Problem details:
Exclude the images and repeat all remaining entries exactly.
═════ Data to process
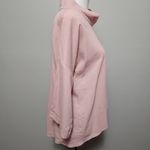 Wonderland by Orange  pink cotton 60s style blouse size medium Photo 3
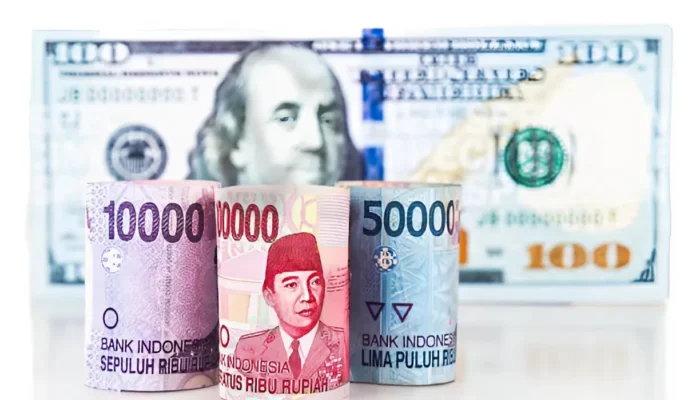 Rupiah Hari Ini Melemah ke Rp17.300 per Dolar AS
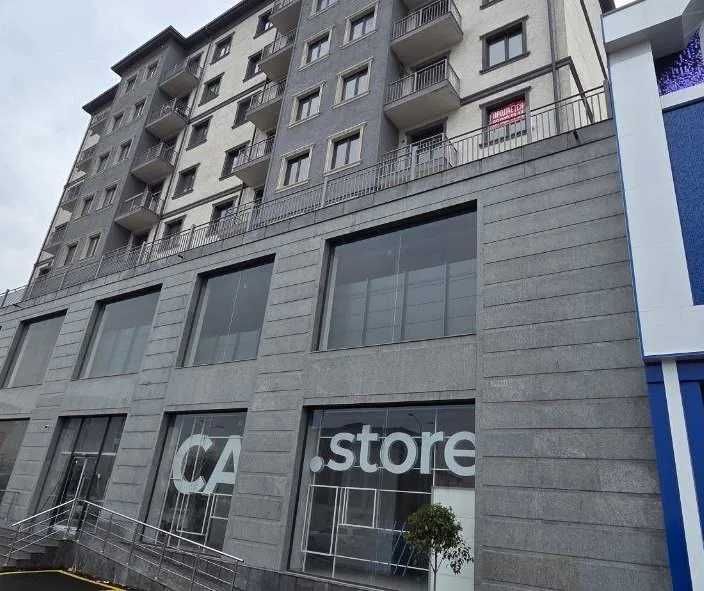 Новостройка 75.21 кв.м, ключи и кадастр на руках, ориентир ТЦ Компас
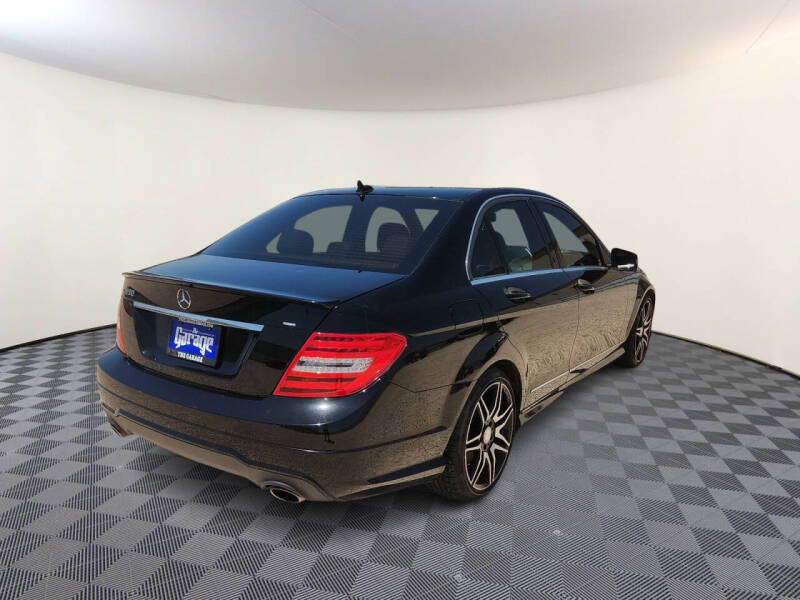 2013 Mercedes-Benz C-Class C 350 Sport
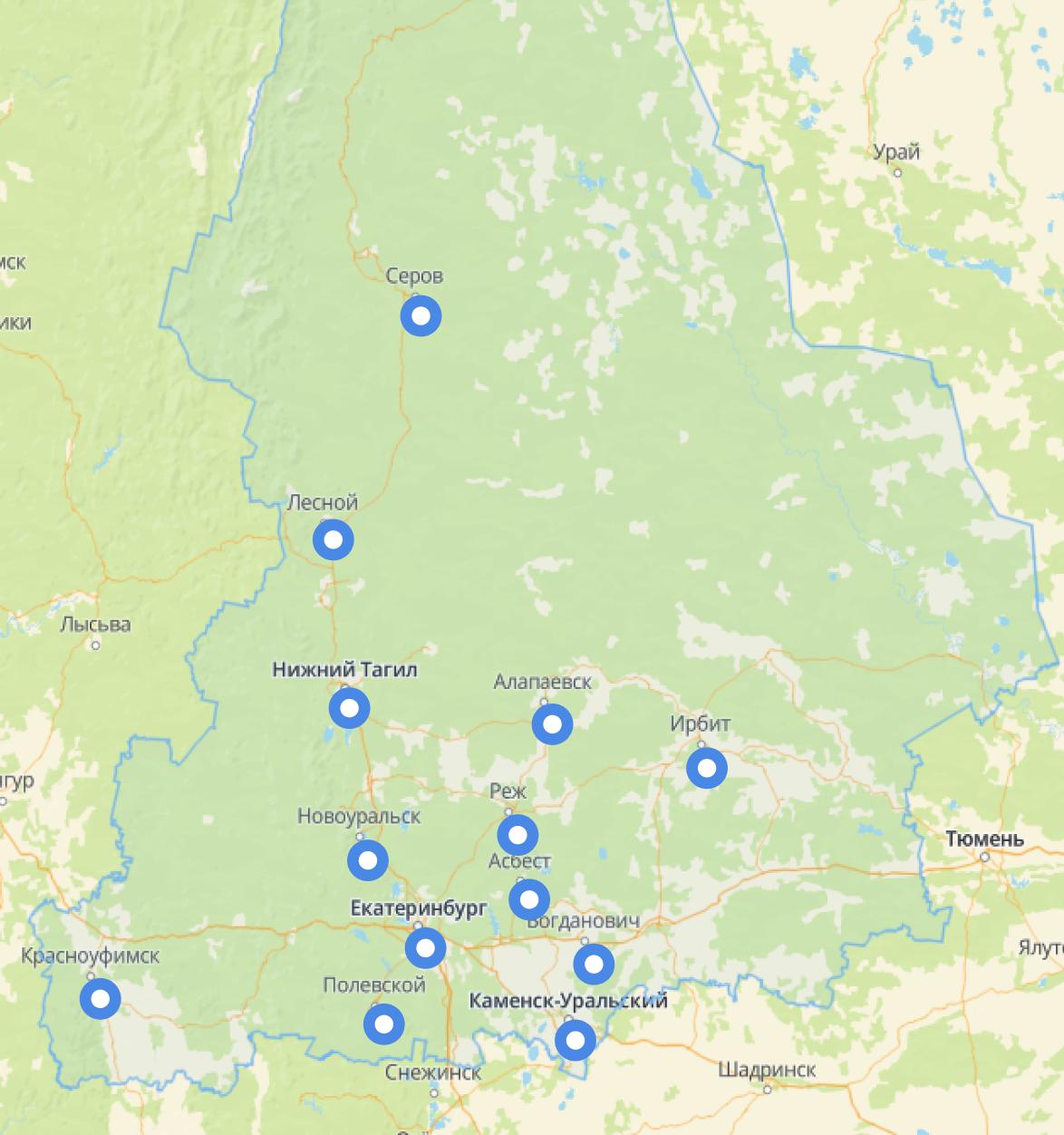 Карта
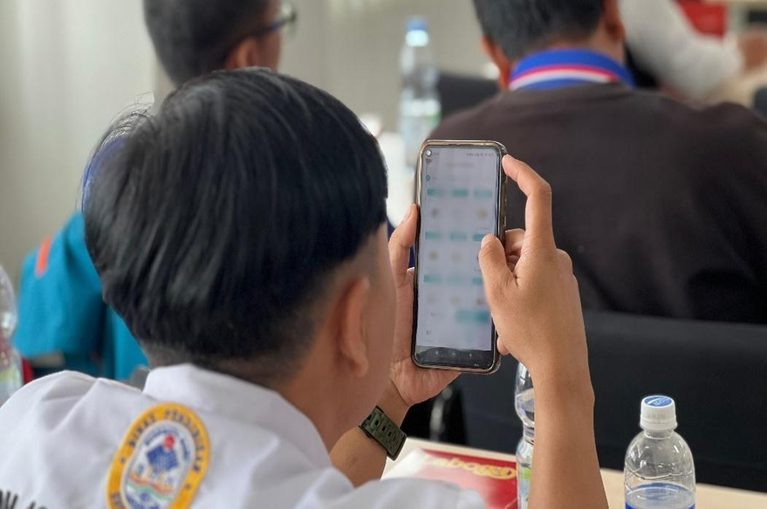 Cegah Obesitas Anak, Tim Dosen UPI Kembangkan Aplikasi Pemantauan Gizi Digital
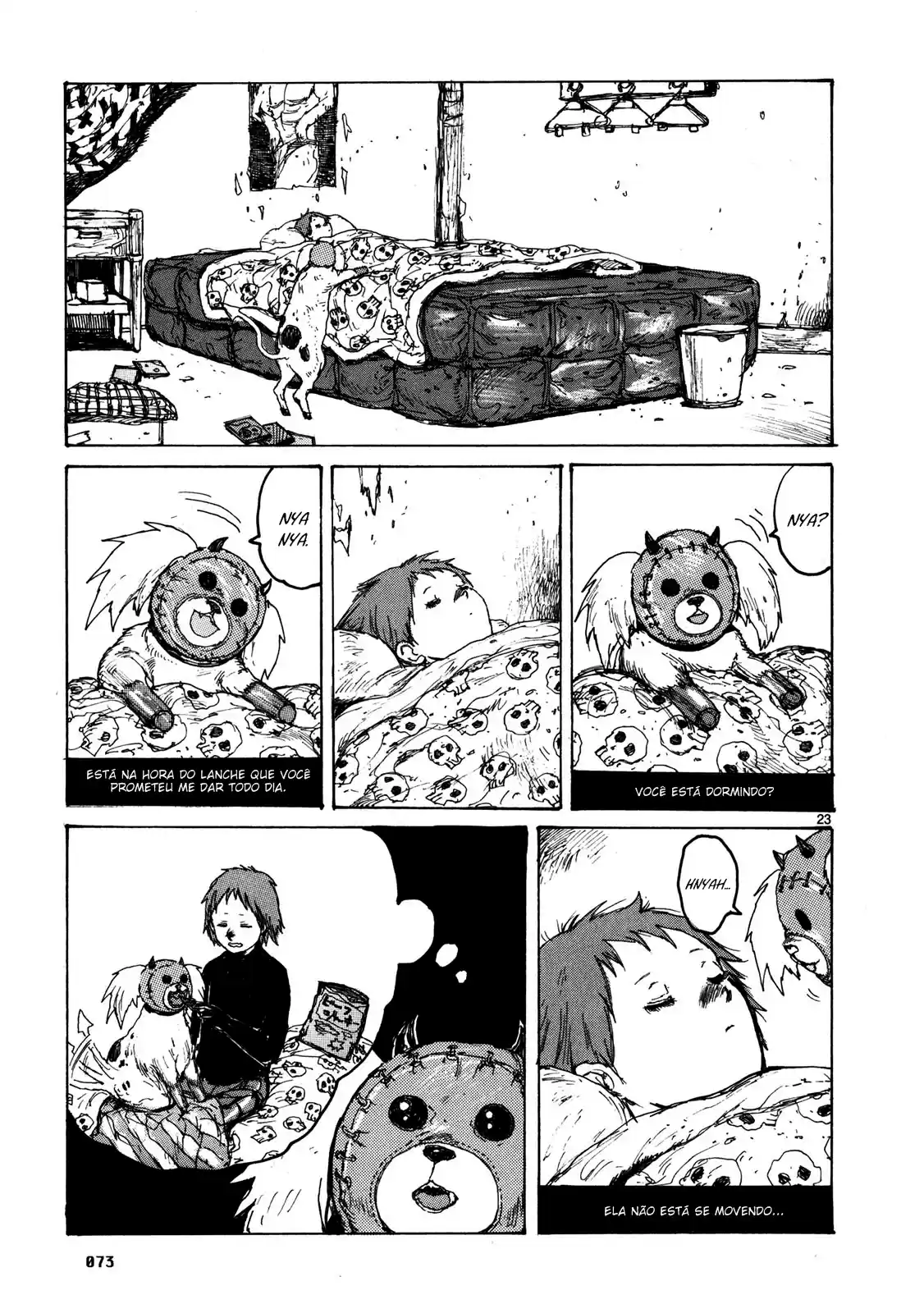Read Dorohedoro BR Manga Online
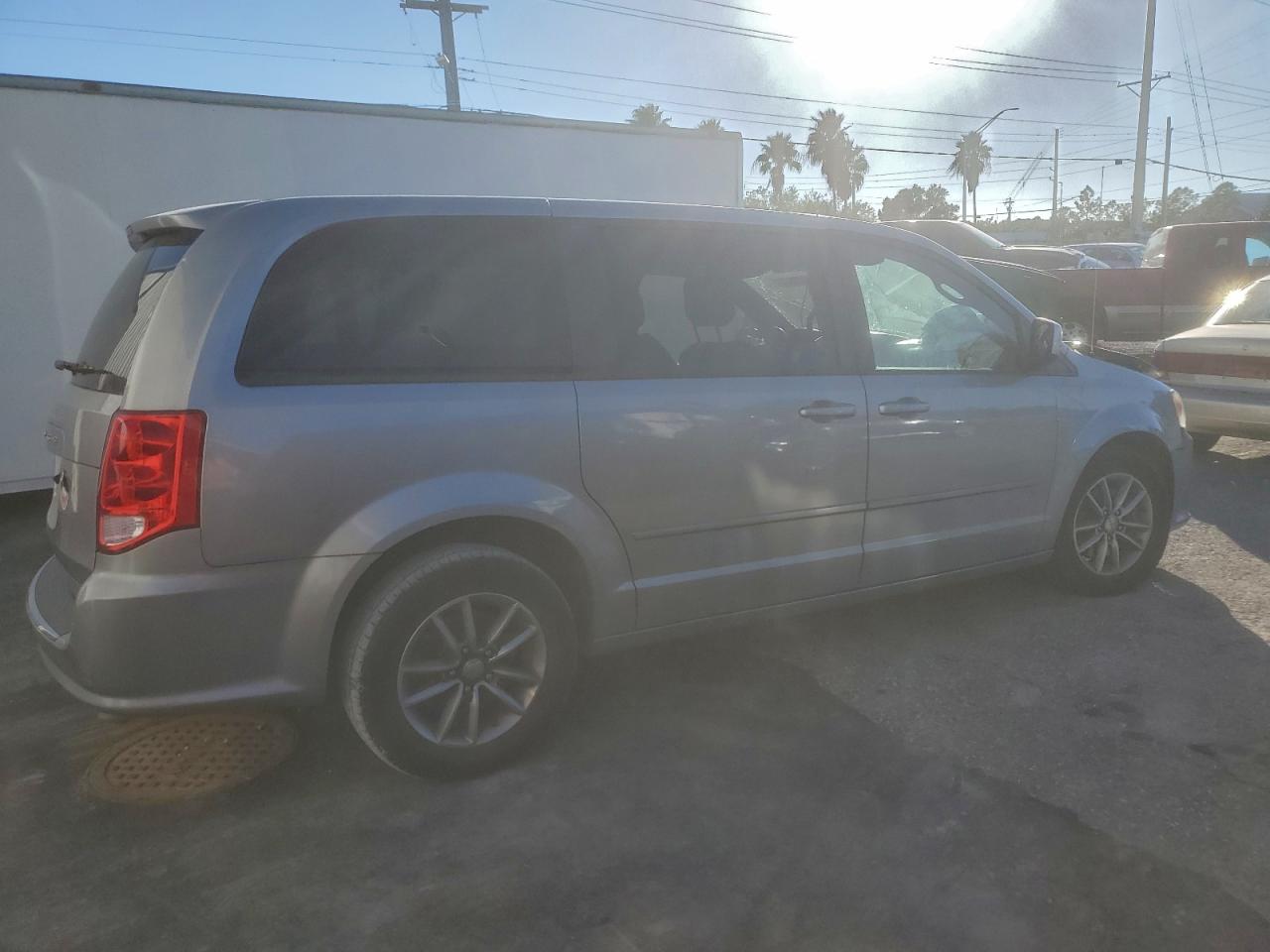 2017 DODGE CARAVAN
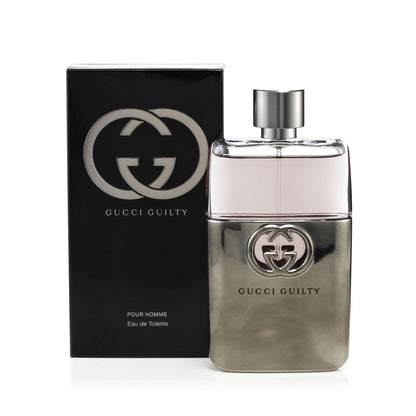 Gucci Guilty For Men Eau de Toilette Spray de Gucci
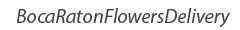 bocaratonflowersdelivery.com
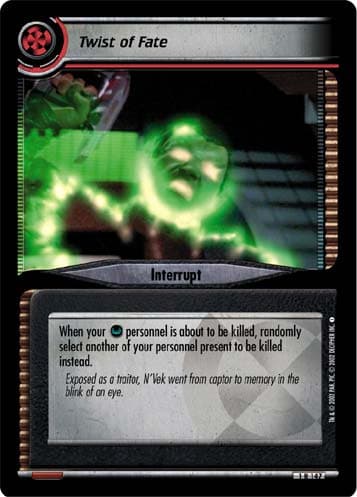 Twist of Fate — image 1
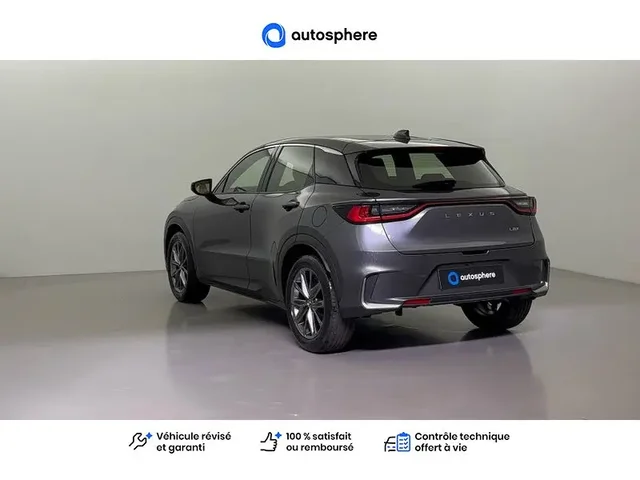Occasion Lexus Lbx à VENISSIEUX chez TOYOTA LYON SUD 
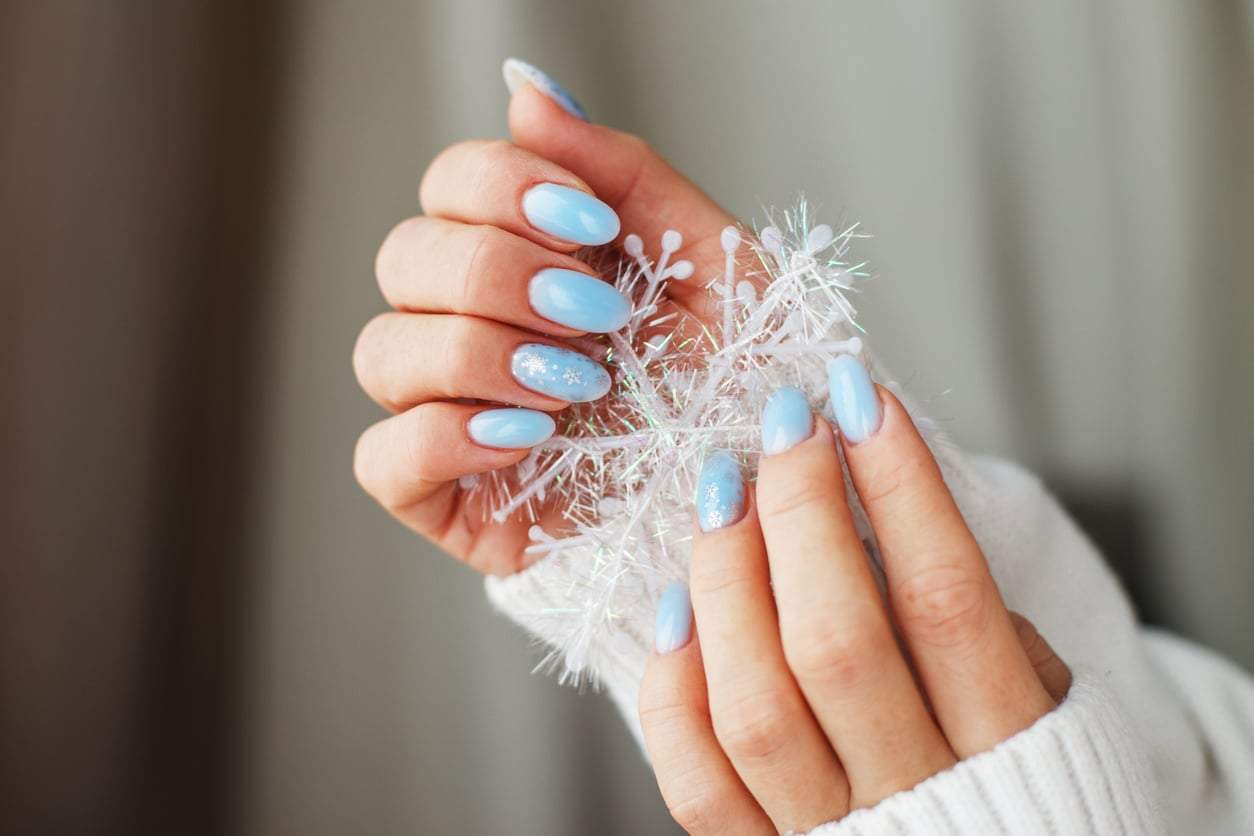 Uñas de enero: inspiración para tu manicura invernal — Moda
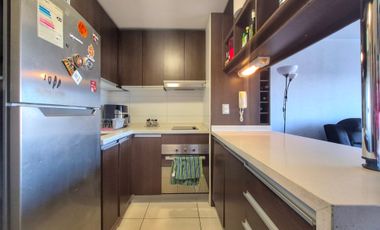 METRO PRINCIPE DE GALES ARRIENDO DEPTO 1 DOR, ESTAC BODEGA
══════════
Your solution:
 Wonderland by Orange  pink cotton 60s style blouse size medium Photo 3
 Rupiah Hari Ini Melemah ke Rp17.300 per Dolar AS
 Новостройка 75.21 кв.м, ключи и кадастр на руках, ориентир ТЦ Компас
 2013 Mercedes-Benz C-Class C 350 Sport
 Карта
 Cegah Obesitas Anak, Tim Dosen UPI Kembangkan Aplikasi Pemantauan Gizi Digital
Read Dorohedoro BR Manga Online
 2017 DODGE CARAVAN
 Gucci Guilty For Men Eau de Toilette Spray de Gucci
 bocaratonflowersdelivery.com
 Twist of Fate — image 1
Occasion Lexus Lbx à VENISSIEUX chez TOYOTA LYON SUD 
 Uñas de enero: inspiración para tu manicura invernal — Moda
 METRO PRINCIPE DE GALES ARRIENDO DEPTO 1 DOR, ESTAC BODEGA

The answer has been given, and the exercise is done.